Valiant has announced that their big summer push will be titled Book of Death, an “epic, four-part event revealing the future fates of X-O Manowar, Bloodshot, Ninjak, and more in July”. Along with this miniseries, they’re offering the four-issue Book of Death: Legends of the Geomancer — but only as a “retailer-incentive companion series”. That means you can only buy certain amounts, based on how many issues you’ve ordered of the main series.
It’s an obvious incentive strategy that seems sensible to a company. Heck, they do it all the time with variant covers, telling retailers they can order one of HOT ARTIST VARIANT for every 25 or 50 or 100 of STANDARD BOOK they order. But restricting an entire issue based on sales of another product has a historical component that I’m not sure they’ve thought about.
See, saying “you can only buy X if you buy Y” is a called a tie-in sale, and it was one of the issues driving the Senate hearings on comics and juvenile delinquency back in the 1950s. As discussed in Amy Kiste Nyberg’s excellent book Seal of Approval: The History of the Comics Code,
“Testimony by retailers and newsdealers indicated that tie-in sales were a common practice in the industry. Distributors and wholesalers, however, denied that such practices existed, insisting that no retailer ever had to sell a comic book that he or she did not want to handle.”
Or here, at this site with transcripts of the hearings:
The Hearings were only supposed to be for two days, but a third day came about because of the issue of tie in sales. Newsstand dealers insisted that it was a regular occurrence and it was why the crime and horror comics were being sold. They said they wouldn’t be selling them, but the distribution companies wouldn’t give them the better selling magazines like TV Guide unless they took and sold the crime and horror comics.
From the interim report of the Senate hearings:
Legislation has been enacted by three States, New York, New Jersey, and Idaho, to prohibit what is known as tie-in sales practices.

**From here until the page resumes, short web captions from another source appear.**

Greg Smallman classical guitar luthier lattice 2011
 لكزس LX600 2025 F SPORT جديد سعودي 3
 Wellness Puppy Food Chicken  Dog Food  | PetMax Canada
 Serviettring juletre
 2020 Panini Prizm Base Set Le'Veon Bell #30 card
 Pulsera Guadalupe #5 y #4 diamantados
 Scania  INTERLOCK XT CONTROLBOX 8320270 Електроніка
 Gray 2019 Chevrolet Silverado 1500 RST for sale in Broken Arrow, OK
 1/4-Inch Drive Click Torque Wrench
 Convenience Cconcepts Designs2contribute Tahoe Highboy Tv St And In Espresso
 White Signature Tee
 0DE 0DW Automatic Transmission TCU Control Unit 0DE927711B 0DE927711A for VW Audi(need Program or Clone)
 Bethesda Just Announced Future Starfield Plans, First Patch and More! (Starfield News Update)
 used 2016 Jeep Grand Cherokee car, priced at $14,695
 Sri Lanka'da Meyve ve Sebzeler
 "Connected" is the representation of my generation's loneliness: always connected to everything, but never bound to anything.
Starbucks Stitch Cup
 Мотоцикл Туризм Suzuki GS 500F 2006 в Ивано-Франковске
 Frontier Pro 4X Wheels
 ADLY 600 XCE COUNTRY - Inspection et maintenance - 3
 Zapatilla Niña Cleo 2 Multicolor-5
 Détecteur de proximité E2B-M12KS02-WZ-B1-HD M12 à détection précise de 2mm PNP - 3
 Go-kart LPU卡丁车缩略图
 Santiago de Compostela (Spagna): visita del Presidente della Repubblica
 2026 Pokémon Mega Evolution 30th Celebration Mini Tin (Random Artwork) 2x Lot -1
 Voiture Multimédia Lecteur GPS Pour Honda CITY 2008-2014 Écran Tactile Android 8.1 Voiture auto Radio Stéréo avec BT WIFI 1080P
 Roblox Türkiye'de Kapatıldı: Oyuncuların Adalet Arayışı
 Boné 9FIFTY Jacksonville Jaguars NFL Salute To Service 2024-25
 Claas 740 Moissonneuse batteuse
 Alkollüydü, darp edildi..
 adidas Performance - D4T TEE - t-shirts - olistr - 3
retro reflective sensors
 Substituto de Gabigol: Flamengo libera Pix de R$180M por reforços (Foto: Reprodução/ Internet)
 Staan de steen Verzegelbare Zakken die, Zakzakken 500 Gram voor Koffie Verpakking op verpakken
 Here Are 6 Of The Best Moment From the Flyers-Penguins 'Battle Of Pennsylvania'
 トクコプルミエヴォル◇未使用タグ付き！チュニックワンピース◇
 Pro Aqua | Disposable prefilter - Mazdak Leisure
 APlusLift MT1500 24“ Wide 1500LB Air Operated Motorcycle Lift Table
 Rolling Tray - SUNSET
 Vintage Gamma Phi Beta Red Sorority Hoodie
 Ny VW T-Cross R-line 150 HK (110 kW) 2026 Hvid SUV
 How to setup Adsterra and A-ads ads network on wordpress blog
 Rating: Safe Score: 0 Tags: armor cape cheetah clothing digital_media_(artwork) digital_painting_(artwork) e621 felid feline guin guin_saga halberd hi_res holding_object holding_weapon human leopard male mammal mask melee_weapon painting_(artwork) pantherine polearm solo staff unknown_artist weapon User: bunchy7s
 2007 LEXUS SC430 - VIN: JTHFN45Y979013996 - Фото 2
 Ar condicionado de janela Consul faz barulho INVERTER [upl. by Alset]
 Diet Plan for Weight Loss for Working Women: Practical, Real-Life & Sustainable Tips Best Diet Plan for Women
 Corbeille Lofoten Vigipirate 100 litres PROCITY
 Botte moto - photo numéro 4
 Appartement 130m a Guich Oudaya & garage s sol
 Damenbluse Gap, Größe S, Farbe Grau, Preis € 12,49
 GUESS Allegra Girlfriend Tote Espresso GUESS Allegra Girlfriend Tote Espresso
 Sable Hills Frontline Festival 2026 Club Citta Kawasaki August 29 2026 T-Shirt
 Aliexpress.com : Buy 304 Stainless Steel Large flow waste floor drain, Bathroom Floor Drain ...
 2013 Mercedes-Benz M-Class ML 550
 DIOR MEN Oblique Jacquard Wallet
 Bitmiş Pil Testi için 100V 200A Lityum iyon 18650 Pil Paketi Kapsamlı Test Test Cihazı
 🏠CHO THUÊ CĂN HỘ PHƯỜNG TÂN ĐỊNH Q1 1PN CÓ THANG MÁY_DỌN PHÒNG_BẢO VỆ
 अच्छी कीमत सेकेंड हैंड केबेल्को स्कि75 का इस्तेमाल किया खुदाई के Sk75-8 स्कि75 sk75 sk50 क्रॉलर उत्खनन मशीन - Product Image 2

Of course, then, the perception was that dealers were forced to accept objectionable titles in order to get others they wanted or found more suitable. Here, it’s almost the reverse — they’re trying to artificially create a collectible in order to raise sales on both titles. My brief reading on the subject suggests that now, it’s most cared about if the products are unrelated. Since these two comics series are being pushed as part of the same story, that’s not an issue (and I would hope someone at Valiant has checked out that it’s legal to do this).
Book of Death (and isn’t that a charming title to get excited about?) will be on sale July 15 at $3.99 for 40 pages. It’s written by Robert Venditti with art by Robert Gill and Doug Braithwaite and a variety of variant covers. Book of Death: Legends of the Geomancer is written by Fred van Lente and drawn by Juan Jose Ryp. There’s no set price on its 24 pages, also on sale July 15, and not available digitally. Cover, shown here, is by Marguerite Sauvage. They’re promising that the tie-in series will feature “never-before-seen stories that won’t be collected in trade paperback” about “a character that is not only new to the Valiant Universe, but is also vitally important to its history” in an effort to goose sales of both comic miniseries.